TASK ITEM:
Copy down every line of the data that follows exactly. Omit the pictures.

DATA PROVIDED:
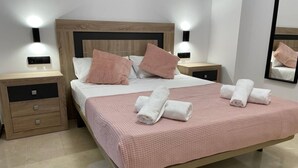 A neatly made bed with pink bedding, two bedside tables, and a mirror on the wall.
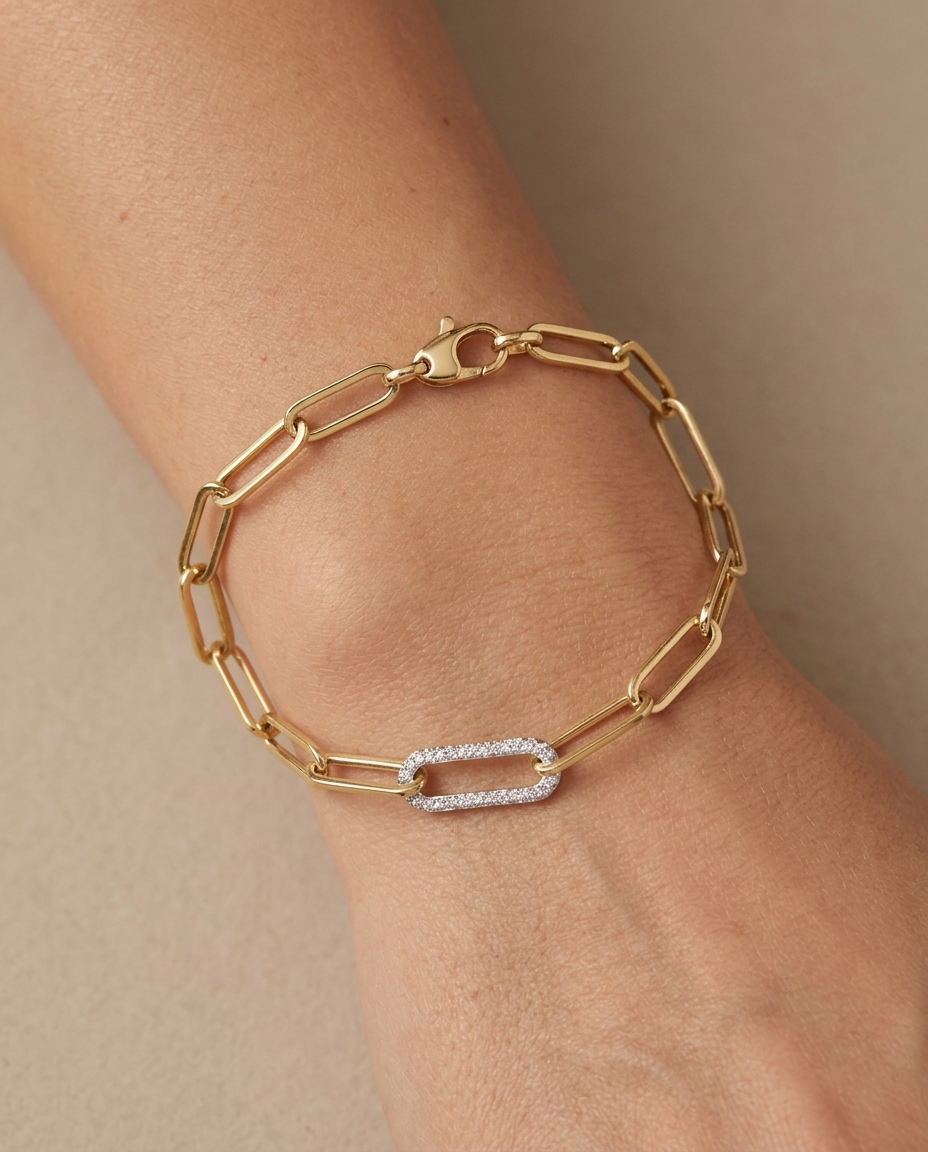 14KT Gold Paperclip Chain with One Diamond Link Bracelet on model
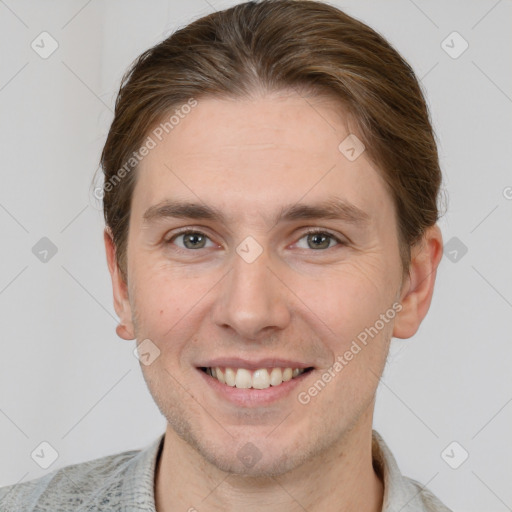 Joyful white young-adult male with short  brown hair and grey eyes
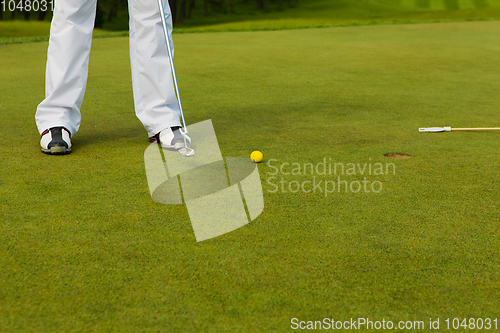 Image of Playing golf. Golf club and ball. Preparing to shot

OUTPUT:
 A neatly made bed with pink bedding, two bedside tables, and a mirror on the wall.
 14KT Gold Paperclip Chain with One Diamond Link Bracelet on model
 Joyful white young-adult male with short  brown hair and grey eyes
 Image of Playing golf. Golf club and ball. Preparing to shot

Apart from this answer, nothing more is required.